Only 19 more weeks till I get to hold my sweet baby... but who is counting? :)

Friday, January 27, 2012

30 Day Challenge

I used to be a "closet" Christian music listener. If someone else got in the car with me and it came on I would quickly change the station to something "cooler." I always worried too much about what other people would think if they knew I listened to K-Love all the time. Would they label me a "crazy Christian?" Looking back I am not sure why I cared so much what people thought. I guess I am truly more secure with myself right now than I ever have been. I have no doubt this is partially because I chose to listen to Christian music and of course my sweet husband who has never been afraid to wear his faith proudly.

When you constantly listen to positive music you can't help but feel good. And nothing warms my heart more than hearing Luke and Emma sing along to good wholesome music. This is their current favorite song. In fact Emma was walking around the house singing, "Hold on to me!" just today. love her.

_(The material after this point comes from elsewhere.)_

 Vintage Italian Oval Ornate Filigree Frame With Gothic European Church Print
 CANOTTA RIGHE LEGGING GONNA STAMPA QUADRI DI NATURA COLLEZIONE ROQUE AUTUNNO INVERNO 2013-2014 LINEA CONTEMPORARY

Right now K-Love is having a 30 Day Challenge in which they challenge people to listen to nothing but Christian music for 30 Days and see how it changes your life. I challenge you to try it. I know it will affect you positively. Do it. Give it a try... the music is wonderful and positive. If you are in the Lexington area K-Love is 89.9 or 95.3. There is also Air One at 107.1.

"The music you listen to is either who you are or who you want to be." -Mark Hall, Casting Crowns

Thursday, January 12, 2012

Thankful.

I am so thankful that I have two sweet kiddos and one little baby in my belly. I feel very blessed. Yesterday was a really special day. First, as I was waiting in the hall to pick up Luke after school, his teacher made a special trip out to talk to me. She told me how wonderful Luke was doing in class and also how he'd befriended the new girl in the class. She was very proud of him. And so am I. Love that sweet sweet boy.

Then, Emma started Spring semester at dance yesterday afternoon. After class Miss Mindy said Emma did a great job in class, but she went on to say that she always does. :) so proud. Emma's class this semester seems a bit more wild than it was last semester... more younger girls I think. Funny to think Emma is one of the "older" girls now. Time flies.

Finally, last night I was laying in bed with my hands on my stomach waiting to feel sweet Johns baby move a bit. I've been feeling flutters and little moves for a couple weeks now. But as I lay very still I felt baby completely turn... the biggest movement so far... I told Andy to put his hands on my tummy and he actually felt it too. It brought tears to my eyes. It's the best, most comforting feeling in the World to feel your sweet baby moving around. I just love it.

I have been blessed with now three wonderful kiddos. Thanks God for all those special little moments yesterday. I couldn't have enjoyed them more. I love being a mom... there truly is no greater gift.

Friday, January 6, 2012

Bad Blogger, Big News


So I am a really bad blogger these days. But I am almost 18 weeks pregnant and have felt pretty exhausted and yucky this entire pregnancy. I am finally starting to feel a little more like myself, so hopefully I will be back to blogging soon. I always got most of my blogging done after everyone was in bed, but it seems I've been in bed before most everyone lately.

This pregnancy has been a lot like when I was pregnant with Luke. I've been sick with lots of throwing up. I have also not gained much weight... so far only 2 lbs. I don't really want to eat much of anything these days because I don't want to throw it up... sorry... gross I know. I have been really tired as well. I've had three migraines and a cold during the holidays. Also I haven't wanted ANY sweets AT ALL! crazy. Through the whole holiday season I don't think I had anything sweet at all... very odd for me. I'm thinking this has to be another little boy. :) We've decided not to find out this time.

I know all this will be worth it because in just 22 weeks I get to hold, nurse, smell and love on my sweet new baby... and this makes me more happy than ever. Just thinking about it makes me forget how yucky I've felt. I can't wait.